§ Problem to solve
Copy exactly the lines from the one containing "Bauchi Education Ministry" through the last line of the records below, including both, and leave out any pictures.

§ Collected data entries
○ ○ ○

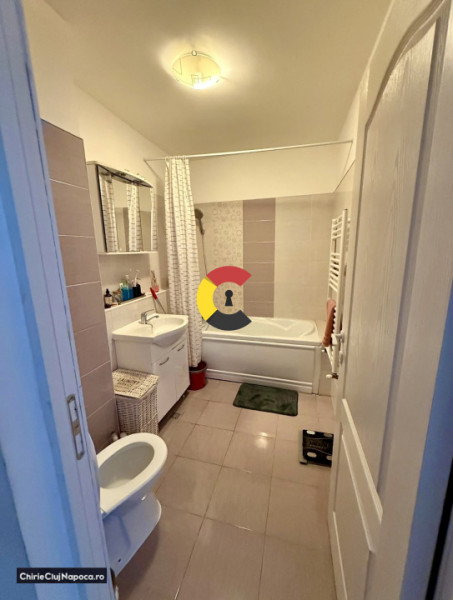 Apartament cu 2 camere, Intre Lacuri, zona Iulius Mall, cu parcare sub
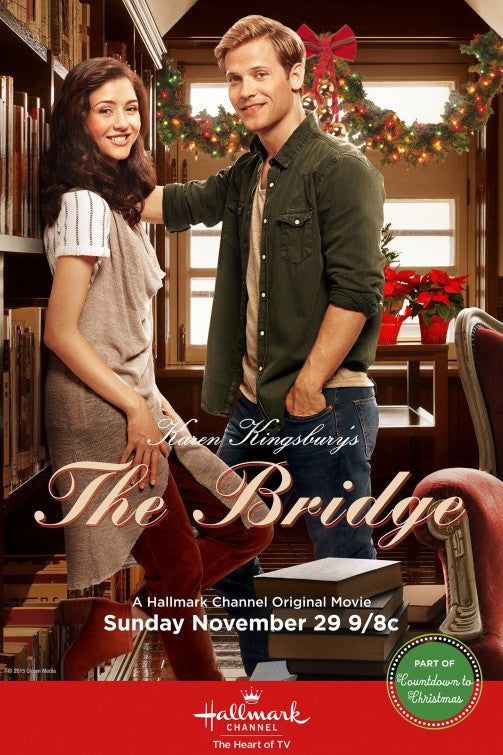1000 piece jigsaw puzzle for tv poster: The Bridge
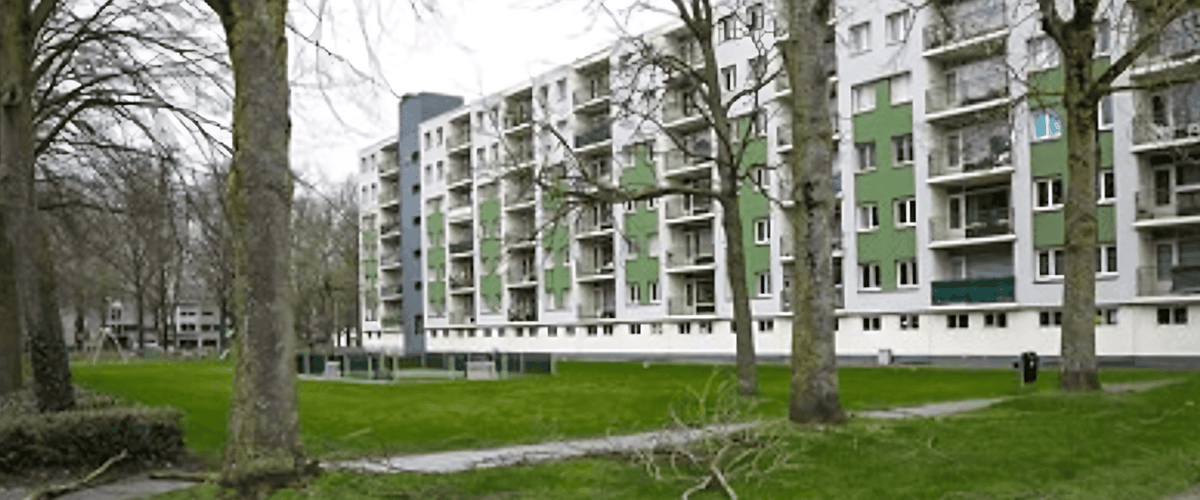 Appartement huren in Tilburg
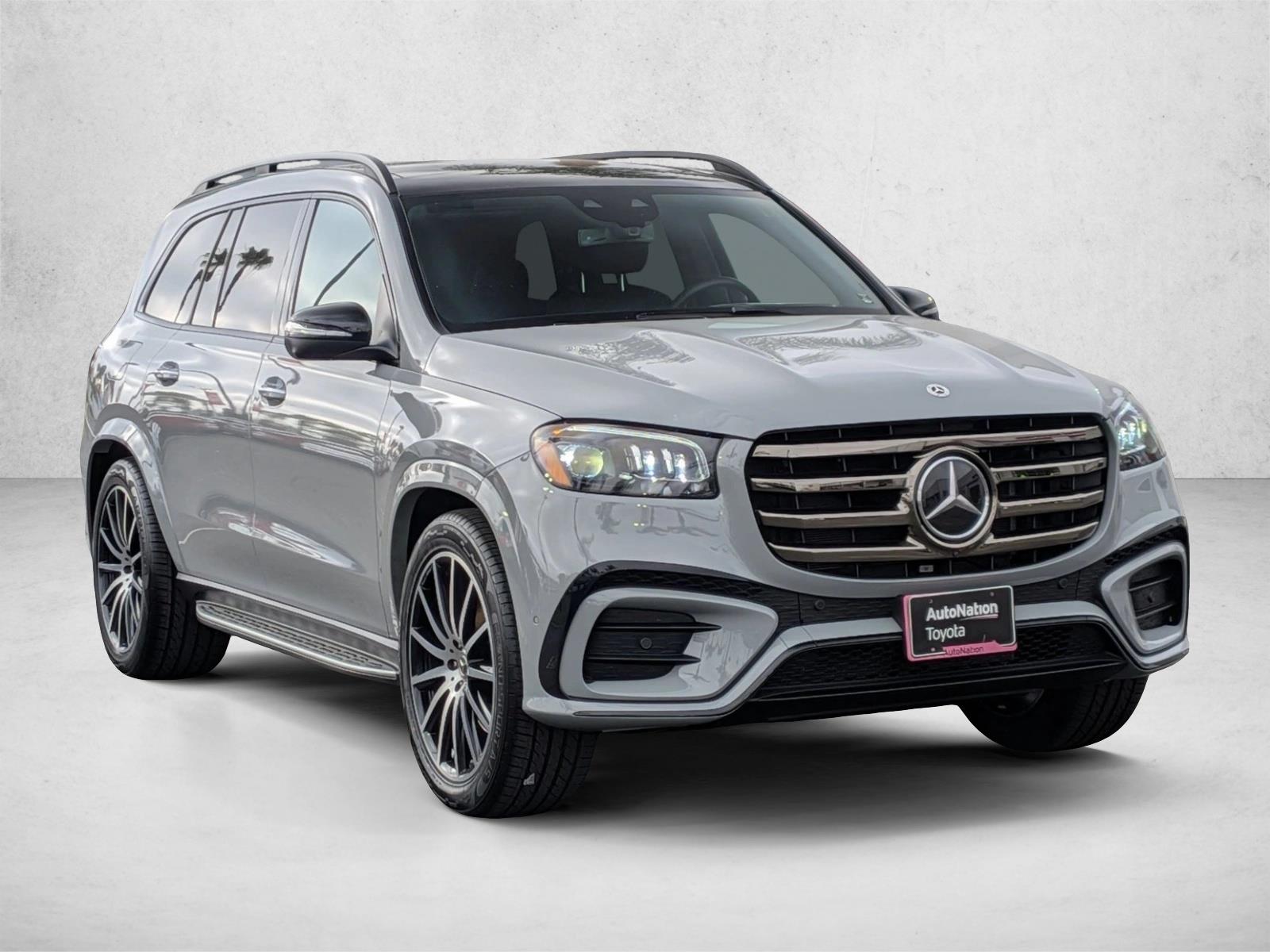 2025 Mercedes-Benz GLS 450 GLS 450 photo 2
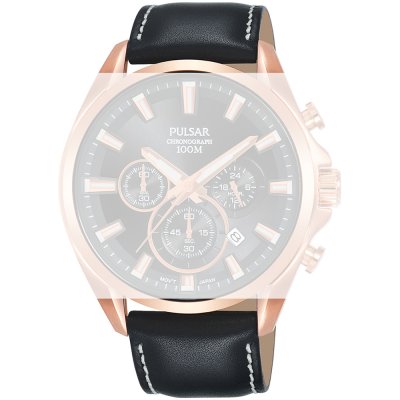 Pulsar Straps PQG057X Strap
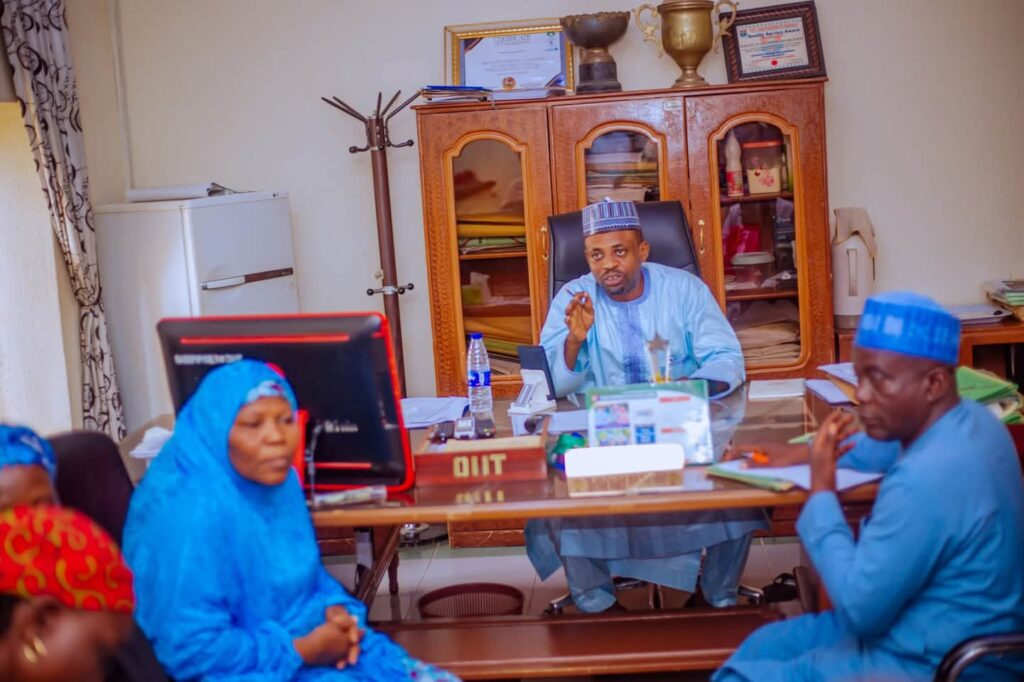 Bauchi Education Ministry Tasks ERC Staff on Productivity FB IMG 1783350944433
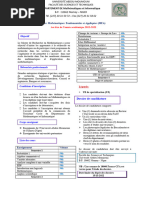 Préparation au Concours BECEAS | PDF | Actuaire | Économie mathématique ...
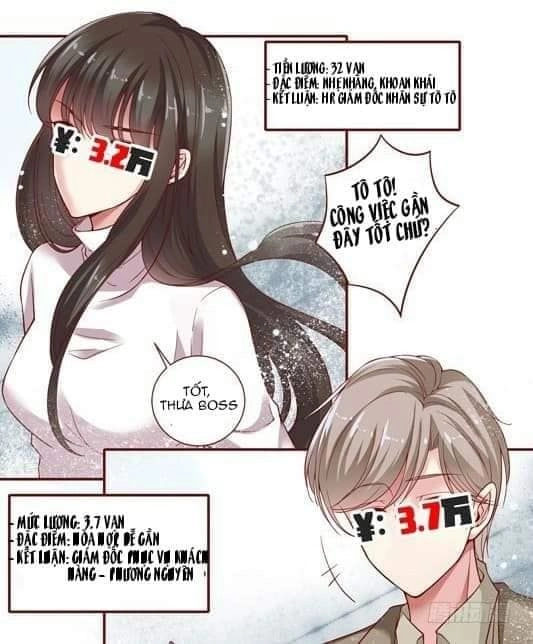 Jm Đặc Thù Khách Nhân Phục Vụ Bộ Chapter 2.5 - 9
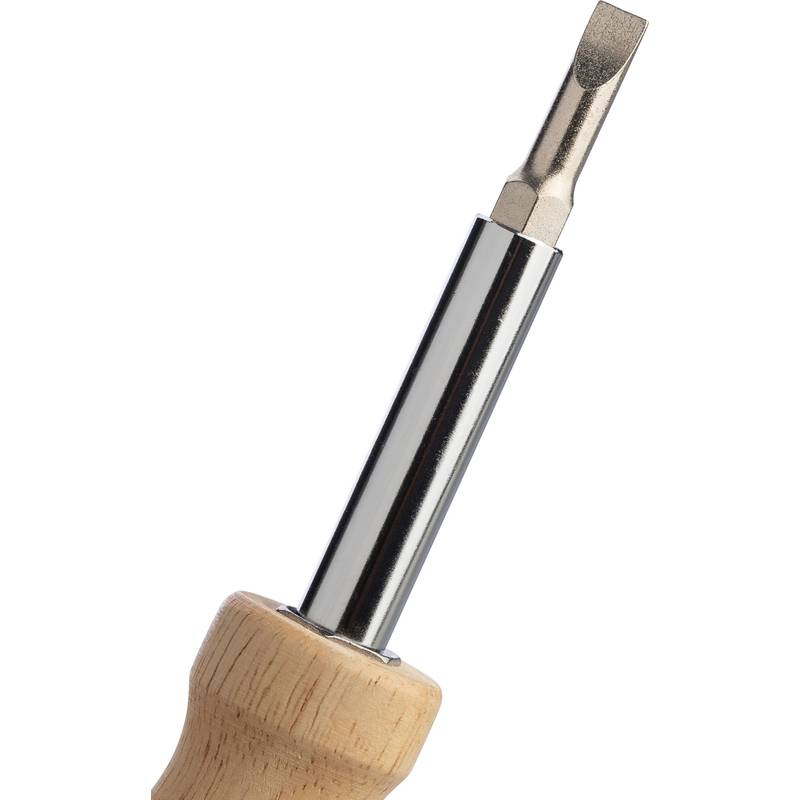 Sada skrutkovača Leni, hnedá Sada skrutkovača Leni, hnedá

○ ○ ○

§ Answer for this exercise
 Bauchi Education Ministry Tasks ERC Staff on Productivity FB IMG 1783350944433
 Préparation au Concours BECEAS | PDF | Actuaire | Économie mathématique ...
 Jm Đặc Thù Khách Nhân Phục Vụ Bộ Chapter 2.5 - 9
 Sada skrutkovača Leni, hnedá Sada skrutkovača Leni, hnedá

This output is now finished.